Stored items:
_ _ _

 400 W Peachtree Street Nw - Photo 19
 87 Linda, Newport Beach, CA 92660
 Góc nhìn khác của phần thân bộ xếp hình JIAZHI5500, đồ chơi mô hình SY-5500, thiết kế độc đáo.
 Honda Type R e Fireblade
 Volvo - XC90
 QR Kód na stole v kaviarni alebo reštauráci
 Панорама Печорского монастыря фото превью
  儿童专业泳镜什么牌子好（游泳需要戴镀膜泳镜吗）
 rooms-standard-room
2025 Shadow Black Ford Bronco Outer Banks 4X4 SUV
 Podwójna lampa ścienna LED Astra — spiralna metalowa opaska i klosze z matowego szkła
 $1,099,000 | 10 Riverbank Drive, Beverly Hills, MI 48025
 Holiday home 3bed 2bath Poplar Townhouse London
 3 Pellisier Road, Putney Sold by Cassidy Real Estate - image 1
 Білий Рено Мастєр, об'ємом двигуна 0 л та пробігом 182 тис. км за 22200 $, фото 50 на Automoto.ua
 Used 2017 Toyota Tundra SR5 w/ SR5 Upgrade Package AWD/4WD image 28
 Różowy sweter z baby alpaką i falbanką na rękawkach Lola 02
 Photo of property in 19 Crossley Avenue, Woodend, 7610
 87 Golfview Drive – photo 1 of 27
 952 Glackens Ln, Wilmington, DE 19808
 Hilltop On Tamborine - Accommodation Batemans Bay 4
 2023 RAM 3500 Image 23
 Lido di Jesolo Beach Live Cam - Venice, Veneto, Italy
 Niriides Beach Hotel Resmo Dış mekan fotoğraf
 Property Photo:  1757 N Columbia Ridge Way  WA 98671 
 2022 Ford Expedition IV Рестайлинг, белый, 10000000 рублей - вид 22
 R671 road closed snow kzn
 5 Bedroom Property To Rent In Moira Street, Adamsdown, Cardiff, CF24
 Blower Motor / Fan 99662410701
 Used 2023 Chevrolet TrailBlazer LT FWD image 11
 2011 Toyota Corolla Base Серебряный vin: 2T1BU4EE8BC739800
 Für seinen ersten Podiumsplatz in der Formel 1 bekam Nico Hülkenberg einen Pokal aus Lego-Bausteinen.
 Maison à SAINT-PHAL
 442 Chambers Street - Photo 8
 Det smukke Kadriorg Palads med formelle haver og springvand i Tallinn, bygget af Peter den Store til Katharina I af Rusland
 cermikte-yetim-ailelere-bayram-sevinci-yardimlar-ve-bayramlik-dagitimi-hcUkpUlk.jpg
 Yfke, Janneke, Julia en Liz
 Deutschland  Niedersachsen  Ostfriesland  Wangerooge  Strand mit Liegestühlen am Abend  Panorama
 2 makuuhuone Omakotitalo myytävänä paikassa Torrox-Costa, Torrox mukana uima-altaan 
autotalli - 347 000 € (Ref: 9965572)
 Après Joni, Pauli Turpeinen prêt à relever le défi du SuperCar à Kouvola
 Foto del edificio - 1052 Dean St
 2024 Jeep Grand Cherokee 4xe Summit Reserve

_ _ _

--- The problem ---
Please show every line above that includes the word "Beach".

--- Written solution ---
 87 Linda, Newport Beach, CA 92660
 Lido di Jesolo Beach Live Cam - Venice, Veneto, Italy
 Niriides Beach Hotel Resmo Dış mekan fotoğraf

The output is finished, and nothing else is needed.